The second leg of our journey takes us from Farmington, New Mexico to Ouray, Colorado via Durango and Silverton, a 3 hr drive. We pass pueblos, deep red cliffs, beautiful mesas and several Native American reservations. In Silverton, we admire the vivid colors and feel encouraged that our timing may be right for autumn foliage. Molas Pass (10,970 ft) between Silverton and Durango parallels the railway and is part of the 233 mile San Juan Skyway, a national scenic byway in southwest Colorado.

Molas Pass

We stop for produce at Natural Grocers, a terrific local Durango natural foods store with Serious Delights bakery and enjoy their delicious sandwiches at a picnic spot alongside the Animas River. From there, Hwy 550 is named the Million Dollar Highway, consisting of the Red Mountain Pass, a distance of 25 mi. to Ouray, The pass is 11,000 ft in elevation in the San Juan Mts of southwestern Colorado and separates the Uncompahgre and Los Animas watersheds. It is named for the iron oxide rock of Red Mountain on its northeast side.

Winding switchbacks

This section is breathtakingly beautiful. At one pull-out, someone else said, ”It doesn’t get much better than this!”

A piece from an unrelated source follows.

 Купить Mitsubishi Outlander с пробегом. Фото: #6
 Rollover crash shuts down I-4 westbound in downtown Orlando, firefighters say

Does it get better than this?

By the side of the road marked Hayden Trailhead is a lovely lake at the base of a dazzling yellow mountainside. Crystal Lake is a dammed, spring fed, man-made lake. The reflections draw photographers to its banks all day. We join them and view it from many angles, and to my great joy, puffy white clouds roll in just in time for reflection pictures.

Crystal Lake

Further along the highway is a suspended platform with a view of the 120 ft drop of Bear Creek Falls- gives me the hebejebes to be on it and looking down!

Bear Creek Falls

The lower end of Red Mountain Pass was blasted into near vertical cliffs, hundreds of feet above Red Mountain Creek and the Uncompahgre River. Narrow, with no shoulder, winding switchbacks, and an 8% grade. It is very treacherous, especially in winter with frequent avalanches. This is the road we have to take each time we go to see the fall foliage at Red Mountain!

We finally arrive in Ouray, a very small town at 7,800 ft elevation, population 1,000, with the nickname ”Switzerland of America”. As we drive through downtown, the sky is awash with alpenglow.